The Cloud Xpress 2 has impressive features, such as 1.2 terabyte-per-second speeds up to 130 kilometers. In addition, the new system contains software-defined features that allow Netflix's engineers to scale capacity as needed with very little provisioning. Given Netflix's huge bandwidth needs, the ability to scale up and down quickly is important so that the company does not have to pay for any more capacity than it needs at a given time.
David Tempkin, Netflix's vice president of global networks, said of the CX2; "The Infinera Cloud Xpress 2 makes it easy to deploy new high-capacity links between our Open Connect content delivery points of presence and quickly scale capacity to match demand."
Hold that buy button
While winning a big customer such as Netflix is a big deal, don't hit that "buy" button just yet. While having impressive technology is great, it does not, by itself, make for a good investment.

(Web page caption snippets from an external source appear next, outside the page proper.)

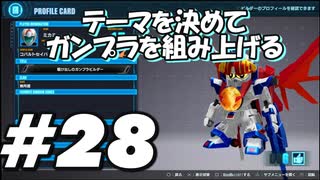 【ガンダムブレイカー4】テーマを決めてガンプラをくみ上げるガンダムブレイカー４＃28【実況プレイ】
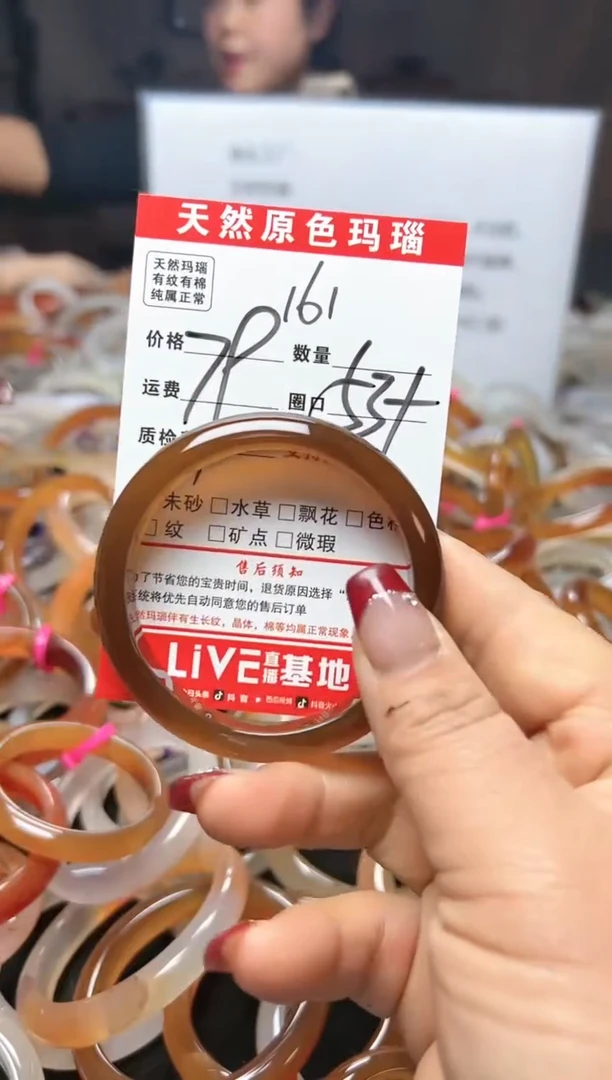 【闪购商品】玛瑙/玉髓手镯未镶嵌161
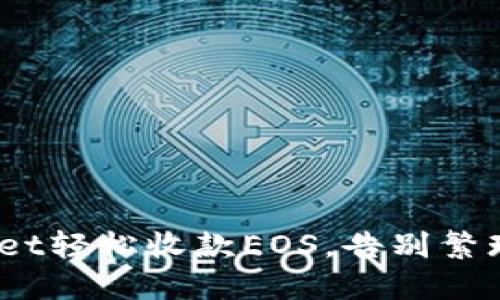 用TokenPocket轻松收款EOS，告别繁琐交易的烦恼！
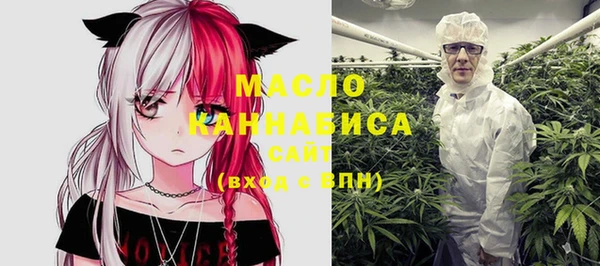 соль курить ск Баксан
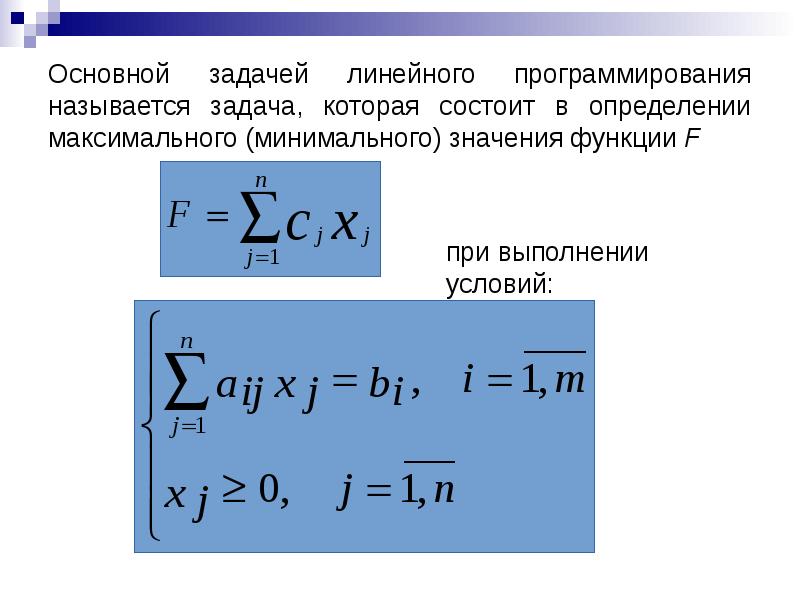 Линейное программирование презентация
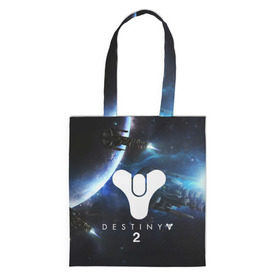 Сумка 3D повседневная с принтом DESTINY 2 в Ухте, 100% полиэстер | Плотность: 200 г/м2; Размер: 34×35 см; Высота лямок: 30 см | action | destiny | destiny 2 | fantasy | game | hunter | online | titan | traveller | warlock | игры | космос | шутер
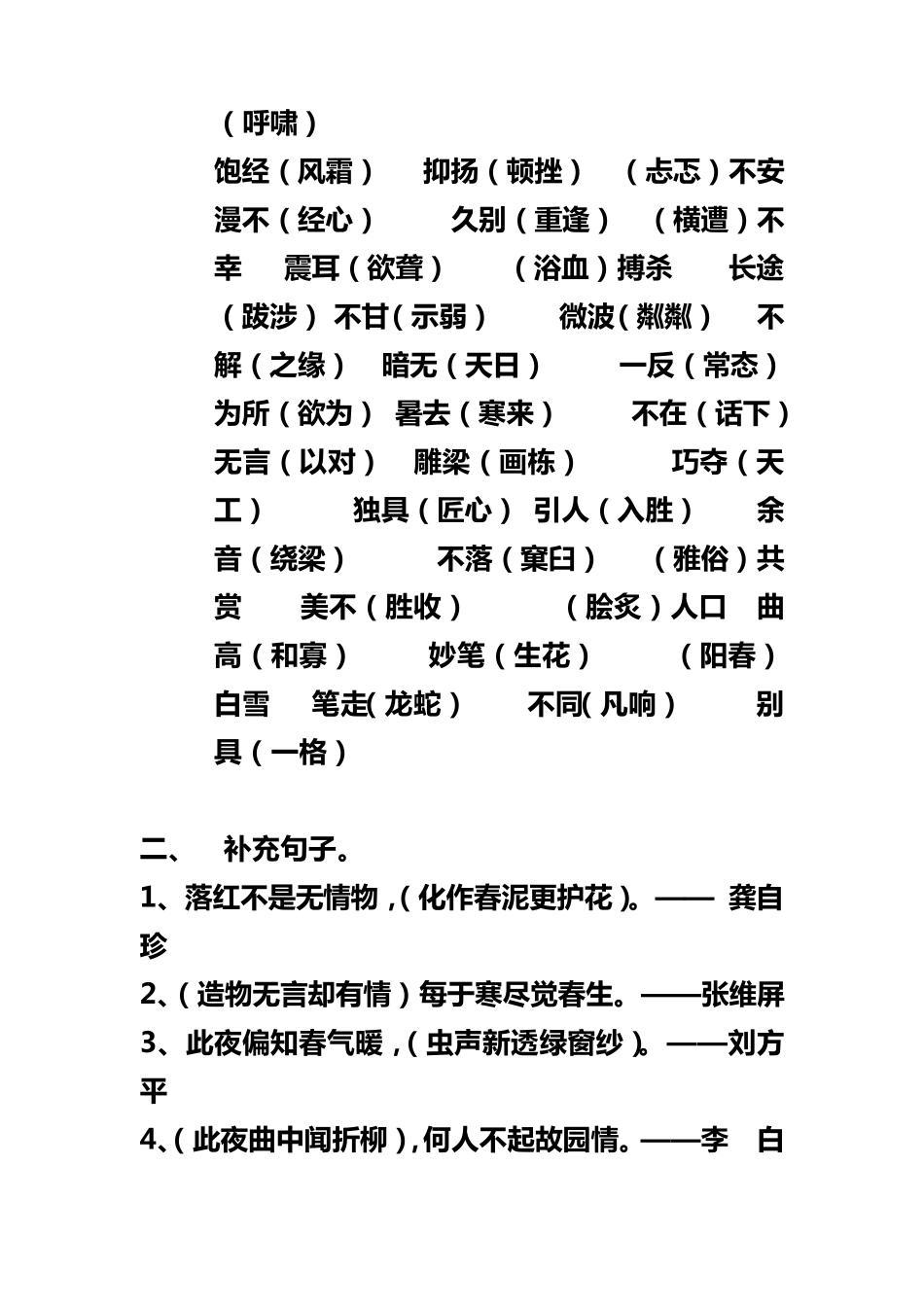 六年级上册期末复习资料_第3页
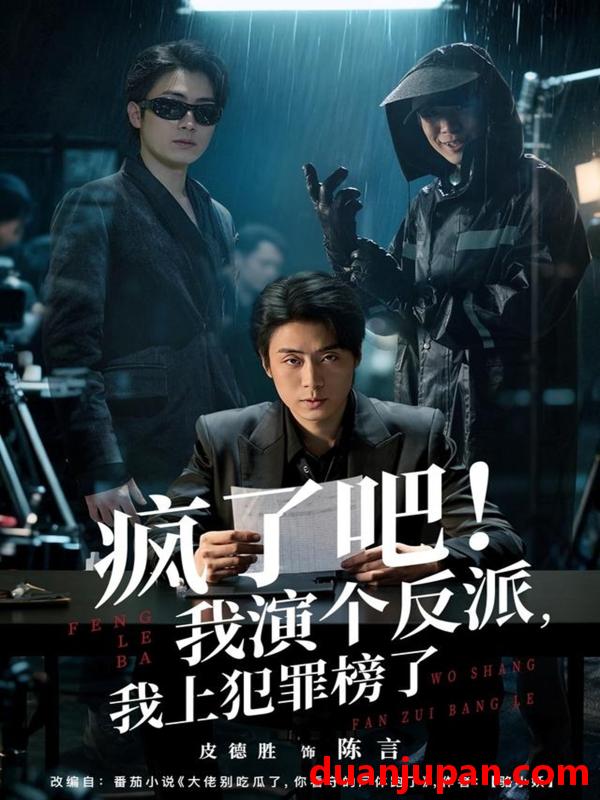 短剧 疯了吧！我演个反派，我上犯罪榜了&疯了吧我演个反派我上犯罪榜了（80集）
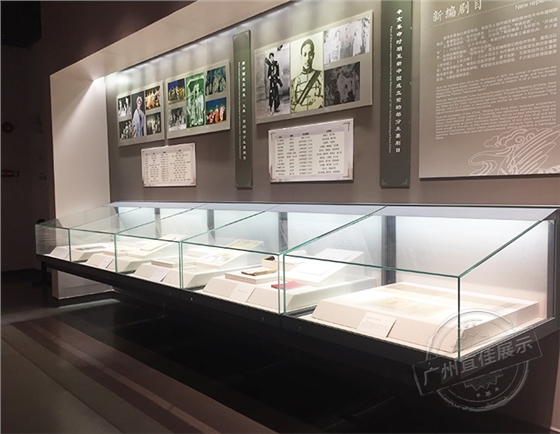 博物馆展柜厂家哪家好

In contrast, a highly competitive environment and changing industry landscape is actually putting Infinera in a world of hurt right now.

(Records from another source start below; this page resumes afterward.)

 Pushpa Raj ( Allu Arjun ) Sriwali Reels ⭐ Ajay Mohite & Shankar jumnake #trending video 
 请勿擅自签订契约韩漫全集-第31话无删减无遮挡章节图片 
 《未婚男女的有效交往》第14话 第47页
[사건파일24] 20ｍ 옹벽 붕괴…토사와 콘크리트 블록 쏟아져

On the company's third-quarter conference call, Infinera management got real about its current predicament, pointing to a number of headwinds:
- 1. Customer consolidation: this is a problem because as customers become bigger, they have a bigger sway over pricing. In addition, problems with a big end-customer can lead to very lumpy and inconsistent results. That's what's currently happening with CenturyLink and Level 3), which are scaling back their capital spending as the two companies focus on integration.
- 2. Price "aggression": As I previously wrote on a piece regarding Infinera competitor Ciena, the wave-division-multiplexing industry is fiercely competitive, and Infinera is not immune to these pricing pressures.

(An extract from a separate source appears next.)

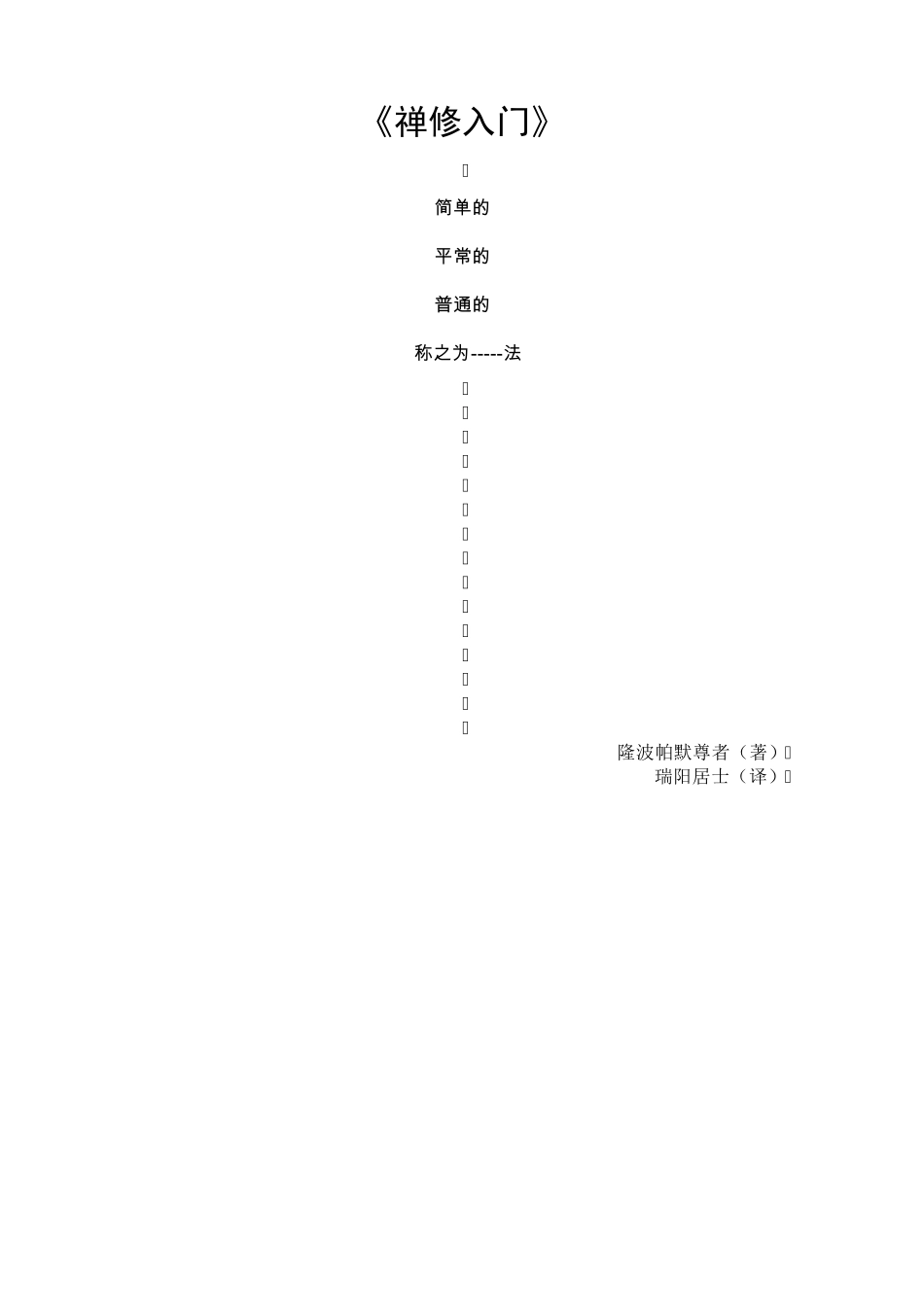《禅修入门》简单的平常的普通的称之为—–法_第1页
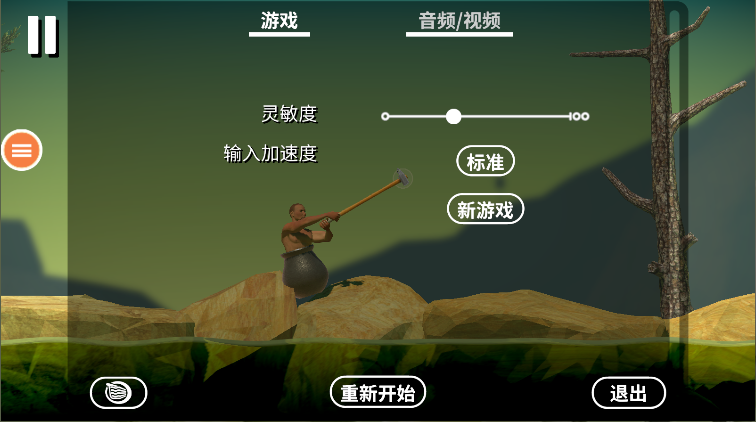 坐在罐子里的人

- 3. Disaggregation: This is a development affecting many traditional enterprise hardware companies. While buyers of switches and WDM systems used to buy entire integrated systems, software-defined networking has allowed customers to buy merchant silicon components from low-cost vendors that -- combined with advanced software and middleware -- can deliver performance near or even with sophisticated integrated systems. That means that Infinera may have to sell all of its components separately in the future or figure out a new pricing model.
In light of these challenges, Infinera is implementing a cost-reduction program, which it believes can take $40 million out of its operating costs. The program will include, "an R&D remote site closure, a rationalization of products and programs, and a reduction in headcount across all functions of the company." CEO Thomas Fallon believes these measures will allow the company to return to profitability in the second half of 2018.
The company lost $37 million in the third quarter alone, so even if the cost-cutting measures had been implemented ($10 million quarterly), the company would still have been unprofitable. In short, there is a lot of work to do here.
Investors in any company need to assess the competitive landscape and industry dynamics, not just a single product. While landing a big customer is great, being overly dependent on a single customer is not.
While having leading technology is great, it only matters if that allows you to sell for a large profit. And while being a leader one day feels good, changing technologies and dynamics can erode that leadership over time.
Infinera obviously has great technology but it is dealing with all of these pressures right now. That's why investors should take a wait-and-see attitude over the next few quarters at least.
In fact, Fallon put it quite succinctly when he said, "I think that the whole industry right now is trying to figure out the appropriate business model for this new paradigm of open."